Admití que tenía razón y que, incluso, visto como lo veía él había algo de esperanzador en el trágico suceso: la chica había salido durante unas horas del estado de muerta en vida, fue capaz de reconocer su degradante estado, pidió que la ayudaran —como pudo— y la ayudaron.
Luego me vino la imagen del inhumano gesto de alarma en su cara de agujeros y pensé que jamás se le borraría, e inmediatamente pensé en las chiquitas, Johanna y Gaby Pensé que Gaby tendría para siempre el mismo carácter virgen, despreocupado y leve; toda su vida sería una nena de ocho años.
Le expliqué a Sebastián lo que sentía.
— Me parece una monstruosidad y me frustra, me ahoga, ver que recibieron una condena no sólo injusta, sino de un sadismo diabólico. No puedo soportar que algo las esté corrompiendo desde adentro y que no podemos hacer nada, que sólo podamos observar esa boca y esas miradas infantiles.
Sebastián no dijo nada.
Volví a decir lo mismo dándole vueltas al tema dos o tres veces, hasta que también hice silencio. Las calles oscuras me parecían habitadas por un vacío y una indiferencia que eran verdad descarnada.
Cuando Sebastián volvió a hablar, nuevamente desbarató mis pensamientos.
- Todos tenemos límites. La muerte de esas chicas, la mía, la tuya, la de las personas a las que querés, ya está en algún lugar del camino.
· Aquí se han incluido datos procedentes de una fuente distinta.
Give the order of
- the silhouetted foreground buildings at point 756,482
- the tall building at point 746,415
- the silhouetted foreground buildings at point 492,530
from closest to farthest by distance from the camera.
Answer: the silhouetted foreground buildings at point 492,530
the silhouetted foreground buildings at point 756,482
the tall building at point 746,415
Me extraña que hagas este planteo, vos que inventaste los talleres. Siempre pensé que eran para darle algo de significado al transcurrir de nuestras vidas, las de las mujeres y las nuestras, sobreponiéndonos a los límites que no podemos superar.
Tenía razón. Pensé que tengo mucho que aprender de él.
Entonces sacó dos alfajores del bolsillo de su saco y me convidó uno. Eran alfajores comunes. Los fuimos comiendo mientras nos acercábamos a un puente del ferrocarril. Justo cuando caminábamos por debajo, pasó un tren, como pasan los trenes, haciendo temblar el piso y estremeciéndolo todo.














Gustavo Ng
La Rancherita, Córdoba, 9 de enero de 2012

2 comentarios:

  1. Ufffff...
    Sí, yo y mis onomatopeyas.

    Me imagino los cachetes de Esthercita inflados y no paro de reír. Viste que se hinchan cuando se ríe?
    Todos, las chicas, los chicos y ustedes ya son una necesidad para mí.